What’s in a name? If we’re talking about cannabis strain names, the answer is a lot of inspiration. At least that’s the way that Mikey Peterson of Denver, the creator of the animated series Nug Nation, sees things anyway.
Peterson, an admitted life-long animation nerd, had been doing film and video production for 20 years when he decided it was time for a change from producing mundane projects for corporate clients. He saw the opportunity to do something new with the legalization of cannabis.
“Once recreational marijuana passed in Colorado, I decided to start my own creative agency to do cool creative concepts geared towards the industry because I wasn’t seeing anything like that at the time,” he explains in a phone interview with High Times.
The new agency, Nuglife LLC, first set its attention to cannabis content including videos about cultivation and infused cooking. Then Peterson had the idea for Nug Nation, a stop-motion animated series that brings the world of cannabis to life with characters based on the names of marijuana strains. Peterson says that he realized in 2015 that there’s plenty of fodder for the imagination in the names of pot varietals such as Alaskan Thunderfuck, among others.
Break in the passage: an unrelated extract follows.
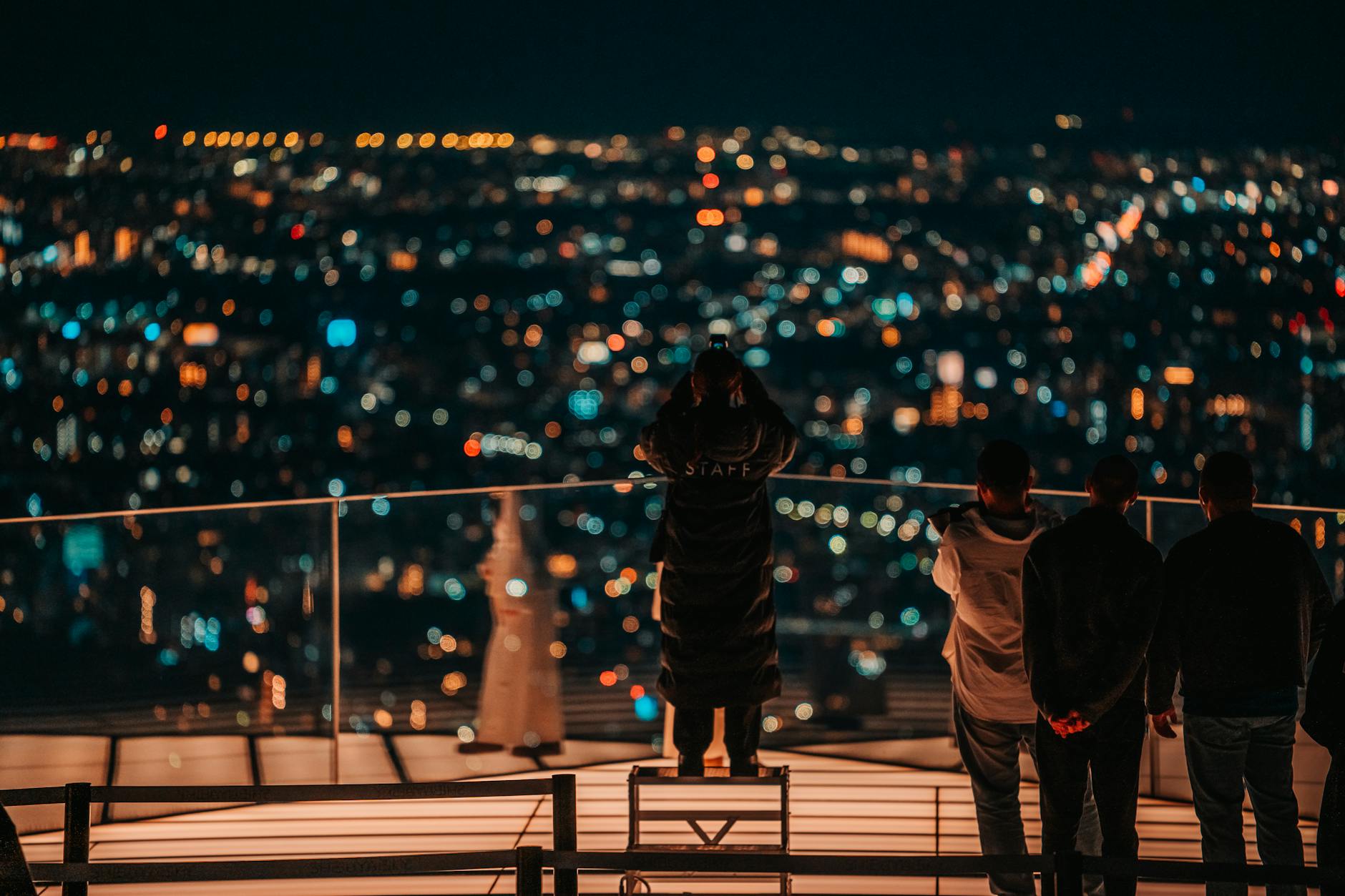 A group overlooking a vibrant nighttime cityscape from a rooftop in Shibuya, Tokyo.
“The way people are naming these strains lends themselves to characters automatically,” he says.
Peterson spent nine months producing the first Nug Nation video, using facial features made of clay attached to real buds of weed to create the animated characters. After the video was released in April 2016, he knew from the positive reaction the pilot received that he was on to something exciting.
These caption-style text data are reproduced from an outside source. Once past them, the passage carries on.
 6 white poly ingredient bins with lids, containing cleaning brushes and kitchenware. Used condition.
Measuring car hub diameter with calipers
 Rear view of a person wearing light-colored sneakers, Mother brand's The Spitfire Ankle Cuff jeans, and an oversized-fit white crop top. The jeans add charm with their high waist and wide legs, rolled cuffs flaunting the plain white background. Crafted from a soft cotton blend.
“We dropped everything we were doing and went full time into animation,” Peterson remembers.
Nug Nation has evolved into a series of digital shorts featuring the voiceover talent of celebrities including Redman, Nappy Roots, Afroman, and Billy Ray Cyrus. The series revolves around the hilarious exploits of the residents of Nugville, all of whom are based on strain names. There’s Affy (Afghan Haze), Diesel (Sour Diesel), Cookie (Girl Scout Cookies), and Daddy (Grand Daddy Purple), and they’re all made with real weed. TV Anchor Bong Burgundy reports on the everyday drama going down in the pungent burg.
Labor of Love
Taking two to three days apiece to create, each character is built with a ball-and-socket skeleton called an armature that facilitates movement. The armature is surrounded by a 3D-printed shell that is covered with actual cannabis before being dressed for its part.
Each episode requires a months-long process of scripting, voice-overs, storyboarding, set design, and character-building before the tedious process of stop-motion animation can begin. Thousands of individual photographs are shot for each scene, with the characters moved only slightly between each frame. After the photos are shot, there’s still post-production work including matching the motion to the dialogue and adding music and sound effects to do before the project is complete.
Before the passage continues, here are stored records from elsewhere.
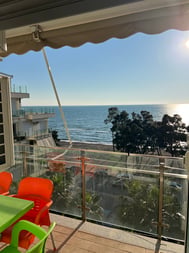 Seafront 1-Bed Apartment with Sea-View Balcony and Shared Pool Garden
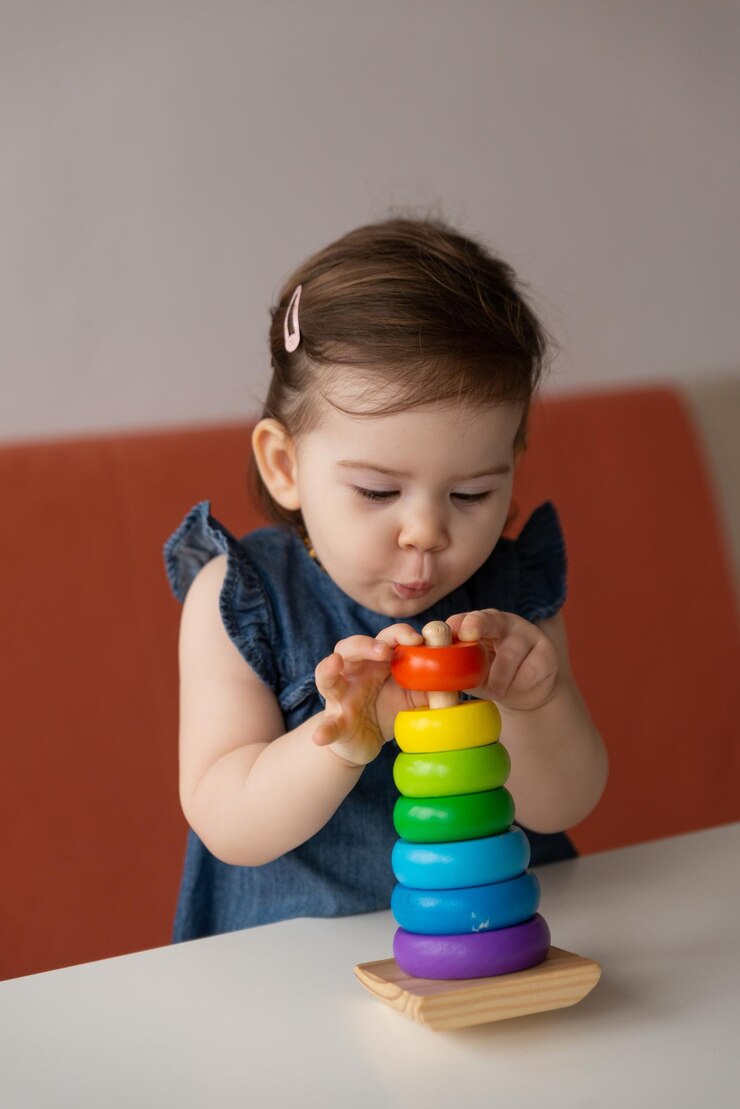 Pretty baby girl play with wooden colourful pyramid toy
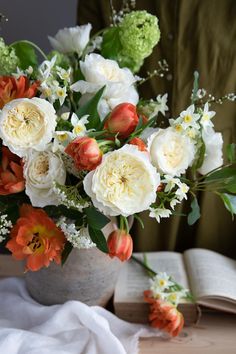 a vase filled with white and orange flowers next to an open book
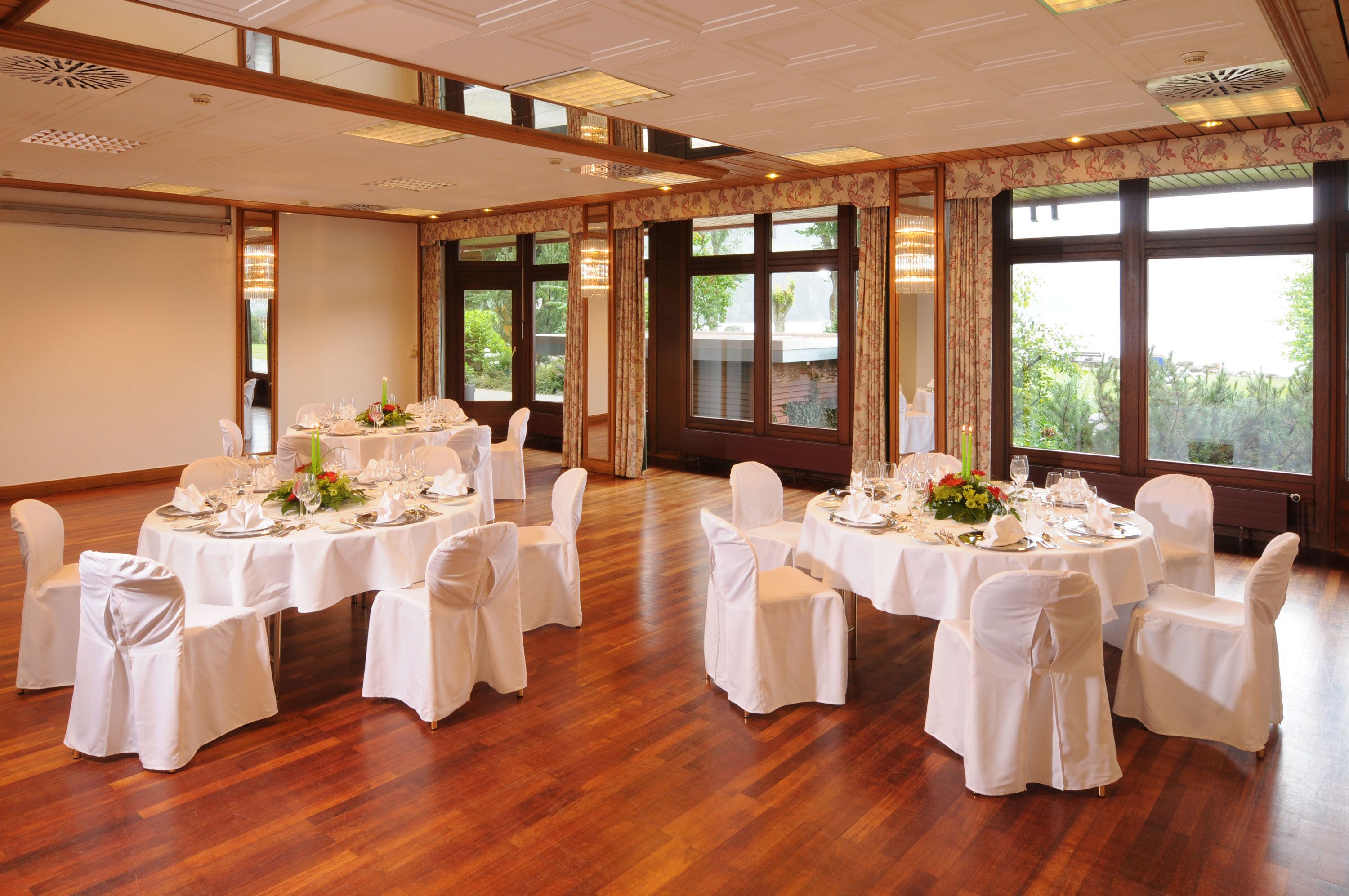 A large conference room with round tables set for a formal event, large windows with curtains, and wooden flooring.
Besides being engaging entertainment, Nug Nation provides an opportunity for cannabis brands to reach consumers in a novel way. With the cannabis industry largely shut out of traditional advertising media due to regulations and continuing stigma, animated entertainment shared via social media can give companies a new avenue of exposure. Peterson is currently developing a project with rolling paper manufacturer Hempire that features joints instead of nugs as the main characters. An educational series titled Hemp 101, the show is slated to launch in the next month.
Nug Nation videos are available on the company’s website and YouTube channel and Peterson also has his sights set on streaming services and other opportunities.
“There’s always a plan to go bigger and do bigger and better things,” Peterson asserts confidently.